Elevator pitch. Imagine you have one minute to present yourself and your ideas to someone who can implement your solution or make a change. What would you say in that one minute elevator ride to convince this person that your ideas are worthy of attention. You have ten floors to make a compelling case. Take a few minutes to figure out how to make your proposal professional, succinct, and interesting. Then, write it down.
Introductions are very important. The link above has some great examples and explanations for writing introductions.
Much like an elevator pitch, an introduction has to make a good impression, grab your reader’s interest, and make them want to keep reading.
Take the elevator pitch you just wrote and figure out how to work it into your introduction. The elevator pitch can work as the intro, or add to your intro, to make a case for reading the rest of the essay.
Argument – a reason or set of reasons given with the aim of persuading others that an action or idea is right or wrong.
Remember, an argument uses reasons and evidence to persuade. Have you provided enough reasons and evidence to convince us that a) the problem is clear, and b) the proposed solution makes sense?
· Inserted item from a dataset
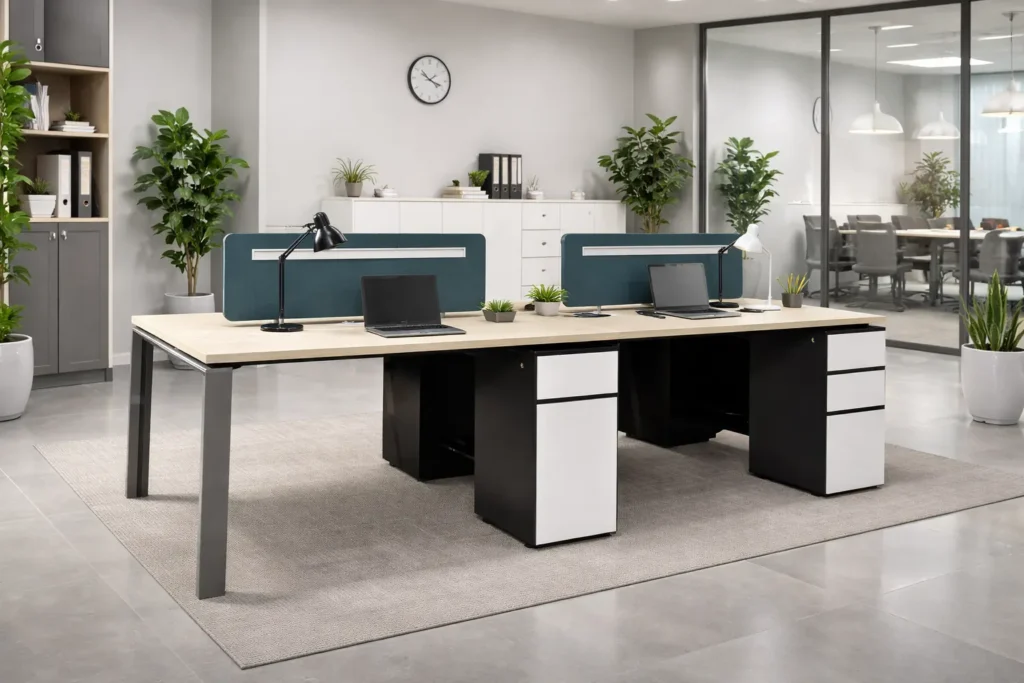 Miago 4-seater office workstation with dividers and modern setup.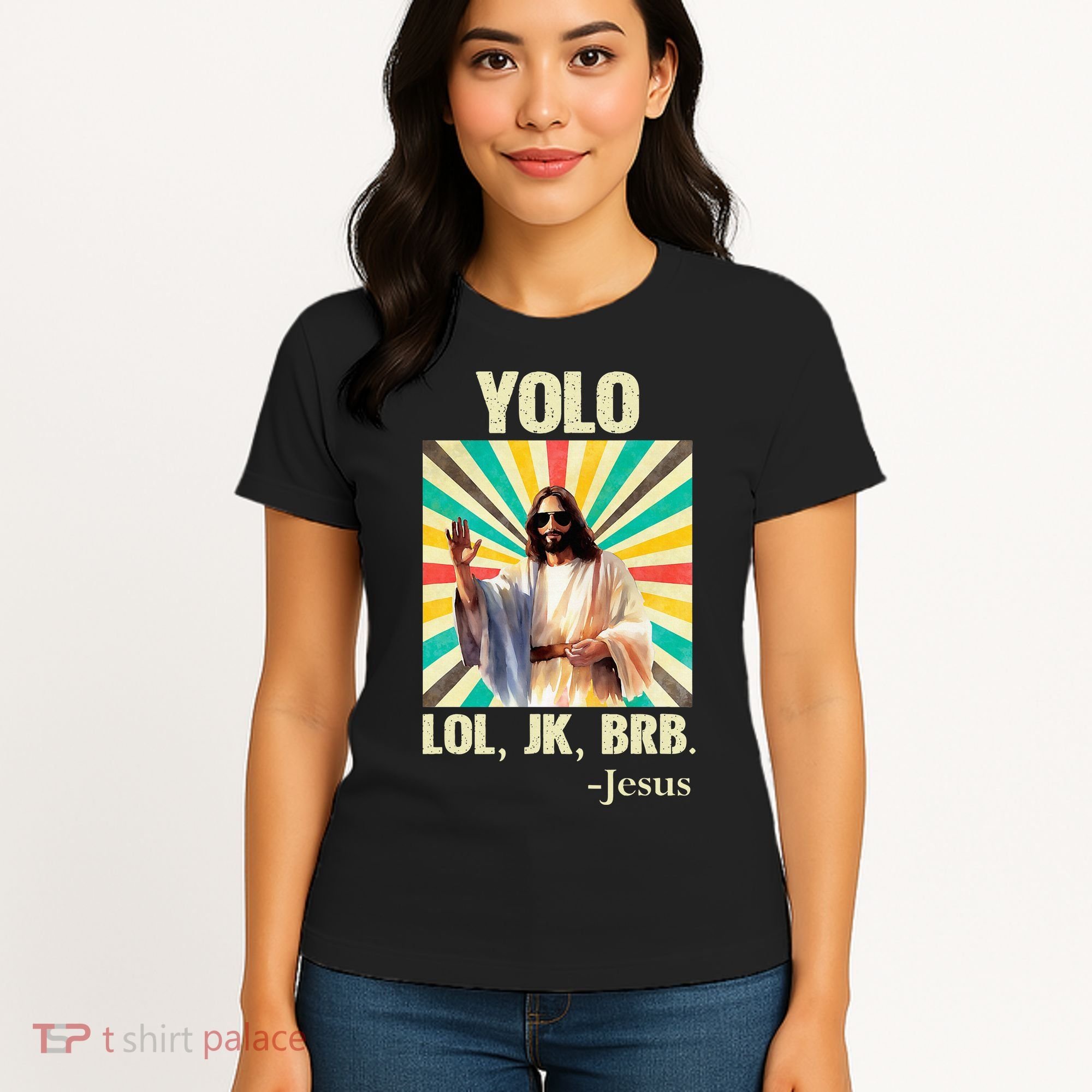Yolo Lol Jk Brb Jesus Funny Easter Christians Resurrection Women's T-Shirt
This is the first of many peer reviews. Keep these things in mind.
- Peer edit the same way you revise your own work.
- Be specific in identifying problems or opportunities.
- Offer suggestions for improvement.
- Praise what is genuinely good in the paper.
For the Proposal, make sure you:
- Define the problem
- Recognize an audience
- Create, explain, and justify a plan of action.
- Persuade readers of the problem and proposed solution.
Problem Solution Example
“The Danger of a Single Story” by Chimamanda Adichie.
To quote a CNN article on the Danger of a Single Story:
Nigerian author Chimamanda Adichie believes in the power of stories, and warns that hearing only one about a people or nation leads to ignorance. She says the truth is revealed by many tales.
She illustrates this with a story about coming to the United States, as a middle-class daughter of a professor and an administrator, and meeting her college roommate. Adichie says that her roommate’s “default position toward me, as an African, was a kind of patronizing, well-meaning, pity. My roommate had a single story of Africa. A single story of catastrophe.”
Adichie also tells how growing up in Nigeria reading only American and English children’s books made her deaf to her authentic voice. As a child, she wrote about such things as blue-eyed white children eating apples, thinking brown skin and mangos had no place in literature. That changed as she discovered African writers, particularly the Nigerian Chinua Achebe.
This is a great quote that highlights some of the moves we need to do in our article. It summarizes her topic, problem she is addressing, and solution; including examples she uses.
Topic: Many people do not realize that they are getting only one story. A single story is incomplete and she says dangerous.
Problem: Having a single story about an issue or group of people leads to stereotypes and incomplete information.
Solution: To look for multiple stories of whatever issue or topic you are hearing. She recommends we get our news and stories from multiple perspectives.
Reasons and evidence: She gives examples from her personal life to highlight that she has a personal connection.
Background: She gives background information, citing quotes and examples that place her issue in a historical context. She also uses current examples to place the issue in a contemporary context.
What is your plan of action for revising your essay?